Ловля большой рыбы
Юй Шаотан отчитывал кого-то за кулисами. Оказалось, один из юношей, игравших женские роли, после того как ему наложили грим и сделали прическу, решил, что костюм слишком тяжелый, и засучил рукава, чтобы было прохладнее.
В театре это считалось плохой приметой. Юй Шаотан случайно это заметил и устроил мальчику нагоняй.
Когда пришла Синмэй, она увидела юношу с расстроенным лицом и поняла, что его отругали. Она не стала вмешиваться и просто тихонько встала в сторонке.
— Мне сказали, что вчера тебя видели сидящей на сундуке с костюмами, — строго сказал Юй Шаотан, увидев Синмэй. — Это правда?
Синмэй сразу поняла, что кто-то наговаривает на нее, и поспешила оправдаться:
— Я же отвечаю за эти вещи, разве я могу не знать правил? На сундуки с костюмами садиться нельзя, это может прогневать духов.
— Хорошо, я этого не видел своими глазами, так что не буду тебя наказывать, — сказал Юй Шаотан. — Тогда скажи мне, ты уже больше месяца в труппе, какие пьесы ты выучила?
Синмэй хотела было сказать, что не выучила ни одной, но вовремя остановилась. Если он спросит, почему она не учит, что она ответит? Неужели скажет, что «мастер Хуа не учит»? В театральном мире уважение к учителю — превыше всего. Такие слова прозвучали бы неуважительно.
Видя, что она молчит, Юй Шаотан недовольно сказал:
— Учитель может лишь показать путь, а совершенствоваться нужно самому. Нельзя же ждать, пока тебя за ручку будут водить. Нужно самой прикладывать усилия, наблюдать, слушать — это тоже учеба.

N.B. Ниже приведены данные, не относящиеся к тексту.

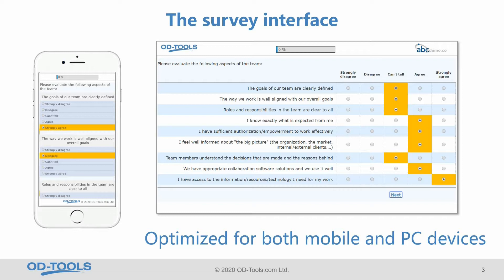All of our items are positively formulated and they represent the behaviors that make a team effective. Many of the items would relate to any team, but for example, on the desktop version, the last two items are: we have appropriate collaboration software solutions and we use it well; and I have access to the information, resources, and technology I need for my work. So these items are specifically designed for remote and virtual teams. This questionnaire addresses the unique situation and requirements of virtual teams to make them successful.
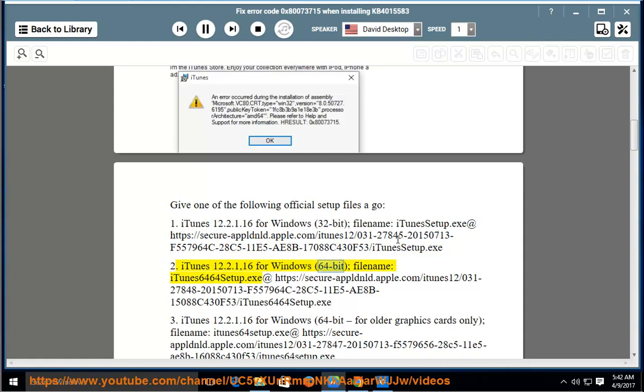2. iTunes 12.2.1.16 for Windows (64-bit), filename: iTunes6464Setup.exe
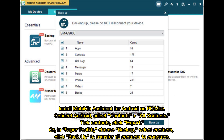Install Mobakin Assistant for Android on PC or Mac. Connect your Android device. Select Contacts, then All Contacts. Tick the contacts you want to back up and click Export. Alternatively, in Super Toolkit, choose Backup, select Contacts, and click Backup to transfer all contacts to your computer.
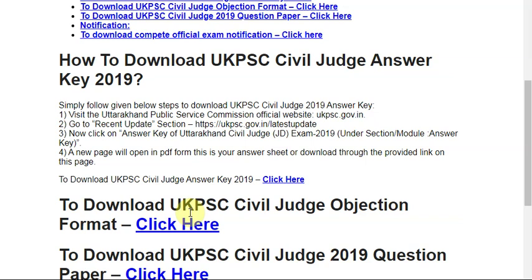There is a section called Recent Update. Go to the Recent Update section and find the latest update. Click on Answer Key — Uttarakhand Civil Judge JD Exam 2019. A new page will open in PDF form. This is the answer sheet — download it through the link.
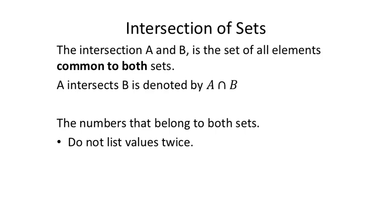All right, if we see the intersection of sets, that's the and statement. That means in order for it to be listed in this set, the intersection, it has to be part of all of the sets that are being listed.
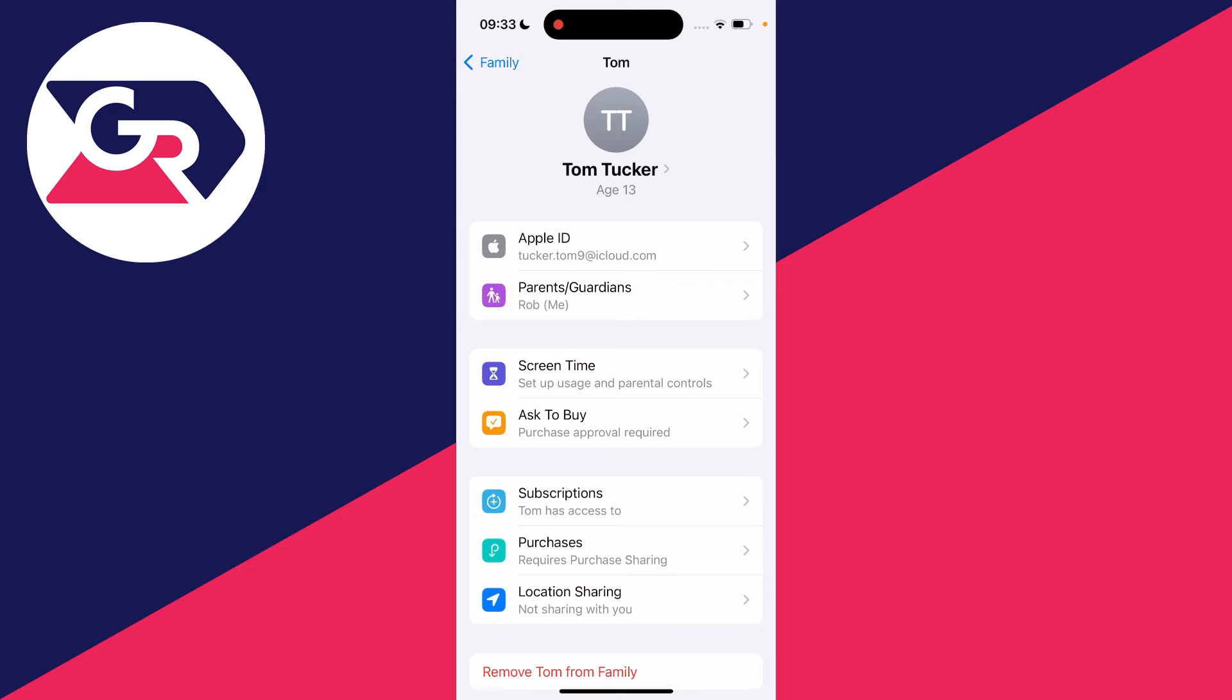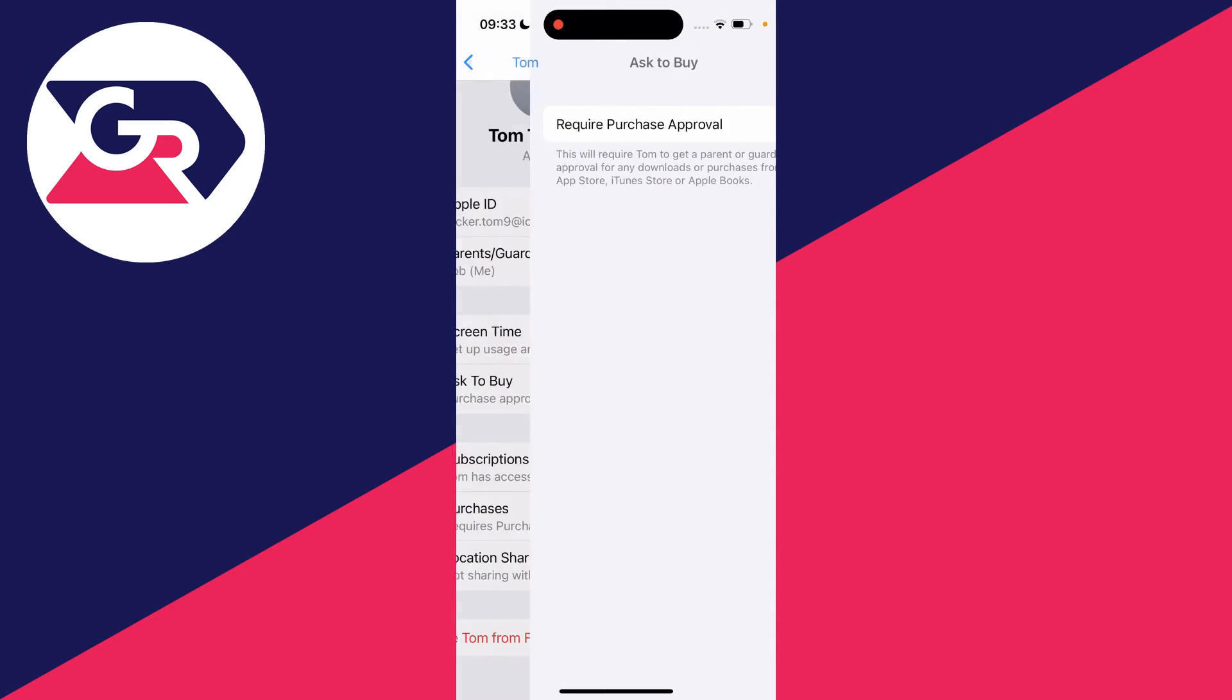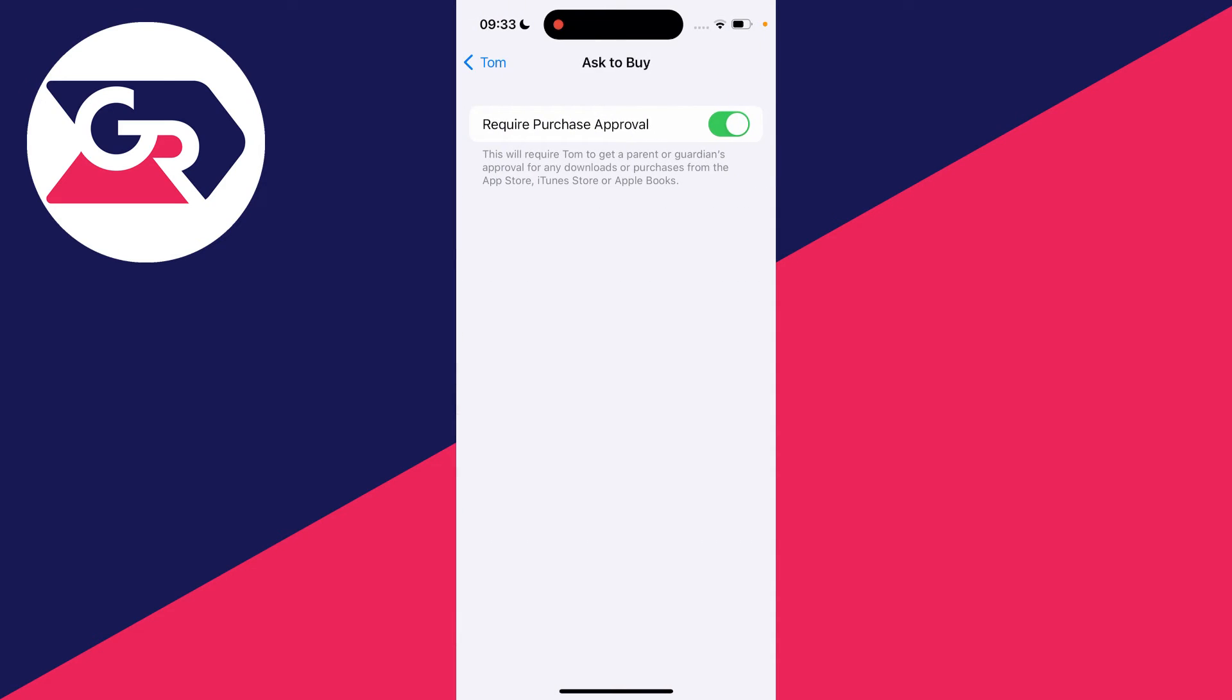And then what you need to do is go down to Ask to Buy and go and click there. And as you can see at the moment, Require Purchase Approval is currently switched on. It says this will require you to get a parent or guardian's approval for any downloads or purchases from the App Store, iTunes Store, or Apple Bookstore.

Эти слова заставили Синмэй замолчать. В этот момент подошла Шаньху, и Юй Шаотан спросил:
— Шаньху, где ты нашла Синмэй?
Шаньху только этого и ждала.
— У старика Хэ, — тут же ответила она. — Что-то там шептала, колдовала.
— Меня мастер Хуа туда послал! — воскликнула Синмэй.
Старик Хэ любил притворяться знахарем и шаманом. Юй Шаотан недолюбливал его, поэтому, услышав эти слова, с отвращением спросил:
— Зачем он тебя позвал?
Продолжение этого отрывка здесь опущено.